New Delhi: As price increases take a back seat, makers of personal and home care products are expected to post modest growth in both sales and net profit for the quarter ended June.
During the quarter, most companies cut prices in a move expected to hit their sales and profitability.
Also See Growth Curve (Graphics)
To minimize the impact, they relied on cost-management strategies such as tinkering with product size or weight, change in the product mix and better supply chain and distribution efforts to plug inefficiencies.
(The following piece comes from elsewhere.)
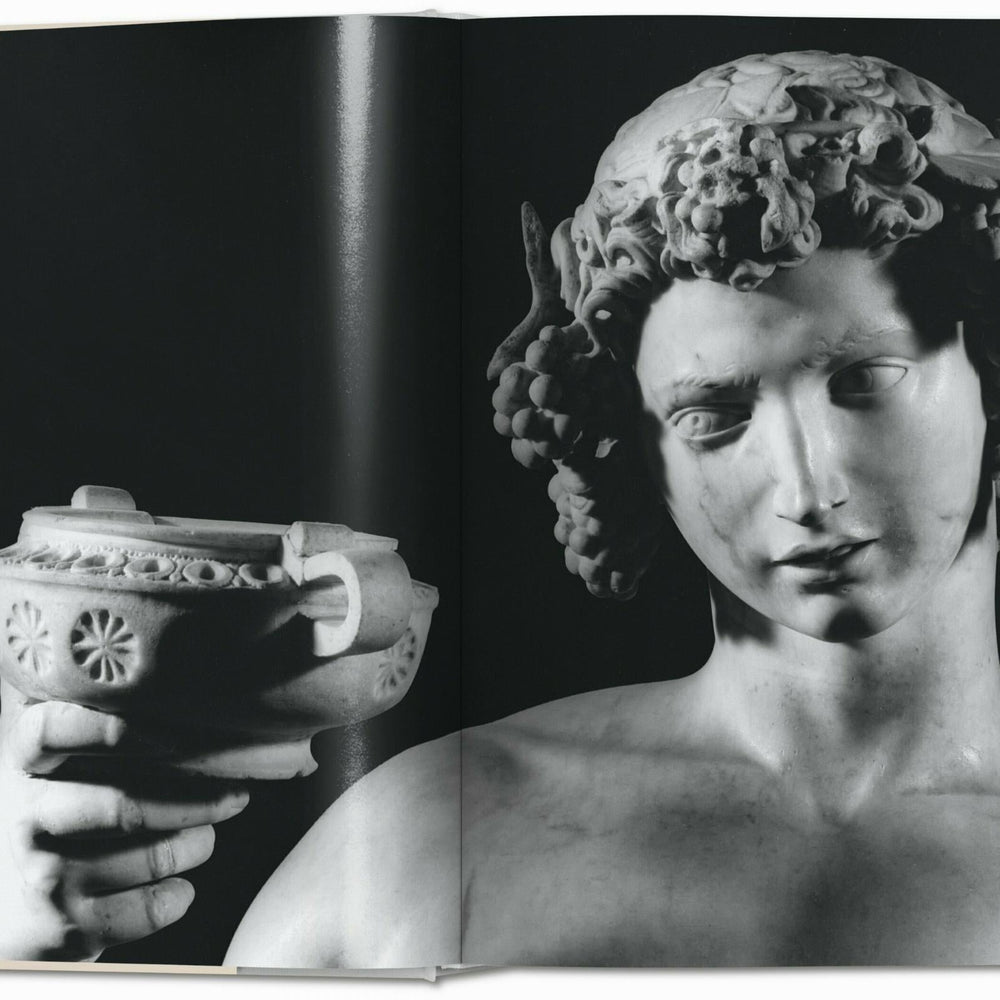 Michel-Ange. L'œuvre complet. Peinture, sculpture, architecture (French)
A Mint survey of five brokerages—India Infoline Ltd, DSP Merrill Lynch Ltd, ICICI Securities Ltd, Angel Broking Ltd and Citigroup Global Markets India Pvt. Ltd—shows that such efforts will help consumer products companies post decent results, but the growth will not be as impressive as it had been in the past several quarters.
Arguing that the impressive growth seen in previous quarters was because of steep price increases, a report by India Infoline says: “With the impact of year-on-year price increases tapering off in many categories, most companies are likely to report a moderation in revenue growth in first quarter of 2009-10.”
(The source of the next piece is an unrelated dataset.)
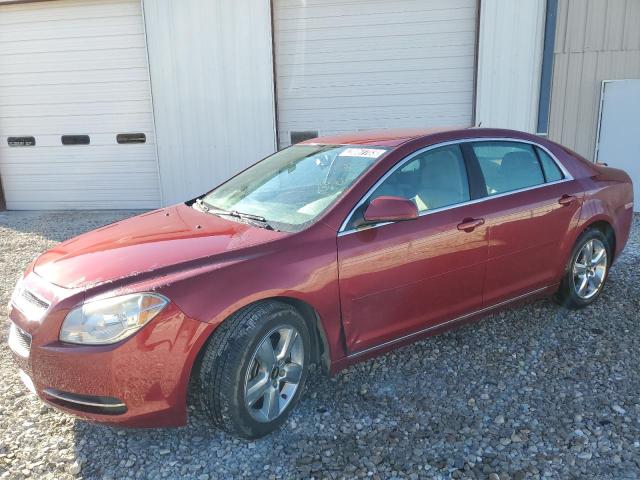 CHEVROLET MALIBU 2011 1g1zc5e16bf303502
Because of a consistent rise in commodity prices and the rising inflation, most consumer goods companies had increased the prices of their products in 2008. This had helped them boost profitability.
But with the decline in inflation and commodity prices, most companies had to cut prices. Besides, the slowdown in the economy also hit consumer demand and price cuts were used by most companies to induce demand. These efforts will affect the value-led growth most companies saw in 2008, brokerage analysts say.
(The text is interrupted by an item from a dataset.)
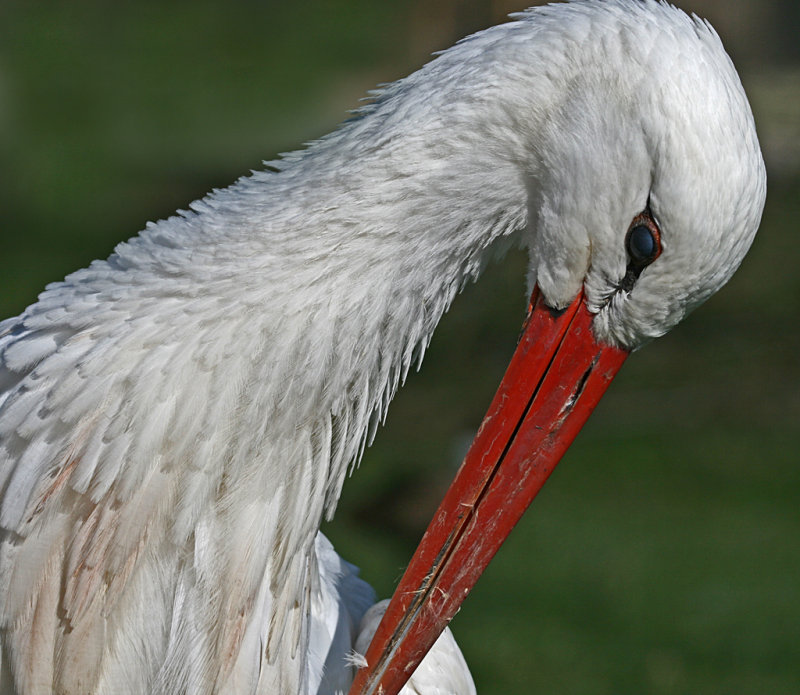 white stork preening.jpg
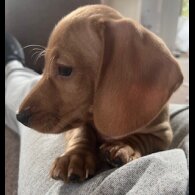 Dachshund (Miniature Smooth Haired)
Sales and profit growth could be in a wide range. Top companies in the sector, including Hindustan Unilever Ltd (HUL), ITC Ltd, Britannia Industries Ltd, Nestle India Ltd, Dabur India Ltd, Marico Industries Ltd, Godrej Consumer Products Ltd (GCPL) and GlaxoSmithKline Consumer Healthcare India Ltd (GSKCH), are likely to see their sales and profits grow by 3% to 24.5% and 6.9% to 59%, respectively, the brokerages say.
A report by ICICI Securities says that the impact of price cuts is likely to get partly offset by the decline in commodity prices and some incentives announced by the government. This is expected to aid margin expansion.
“With softening of commodity prices and benefits of lower excise, we expect operating profit margin for the FMCG (fast moving consumer goods) universe to expand in Q1FY10. Hence, operating profit growth of 21.5% year-on-year would be much higher than sales growth.”
The report, however, adds that the quantum of margin expansion will vary across companies.
Analysts say the trend of price cuts and companies’ efforts to expand their volumes and market share are likely to continue over the next few quarters.
“Going ahead, most companies are likely to resort to three alternatives—enhance margins by maintaining prices, increase promotional activity and advertising spends while maintaining the price levels or resort to price cuts,” says a report by Angel Broking.
Low prices apart, rural demand is expected to boost volumes, say analysts.
While the sector is seeing volume growth of only 6-7% in the metros, in the rural markets sales are growing by at least 20%.
According to Merrill Lynch, the fastest growing companies in June quarter will be Godrej, Nestle and Colgate.
“We forecast June quarter profit growth of 19% led by sales growth. This is marginally better than the 17% profit growth in March quarter. The improvement is led by Nestle (higher margin), ITC (higher cigarettes margins, strong growth in paper and reduced FMCG losses), Asian Paints (improved volume and margins) and Godrej (margin expansion),” Merrill Lynch says in a report.
According to India Infoline, sector leader HUL is likely to report a recovery in volume growth, but decline in exports is likely to have dragged down overall sales growth.
ITC is expected to report growth in cigarette sales by volume after at least seven quarters of decline, owing to a favourable base and the absence of an excise duty increase this year.
According to estimates by Merrill Lynch, Godrej is expected to post an impressive 59% profit growth during the quarter on sharp margin expansion on lower input costs. Nestle is expected to post 19% sales growth and expand margins as costs remain benign for key materials such as coffee, wheat and vegetable oils.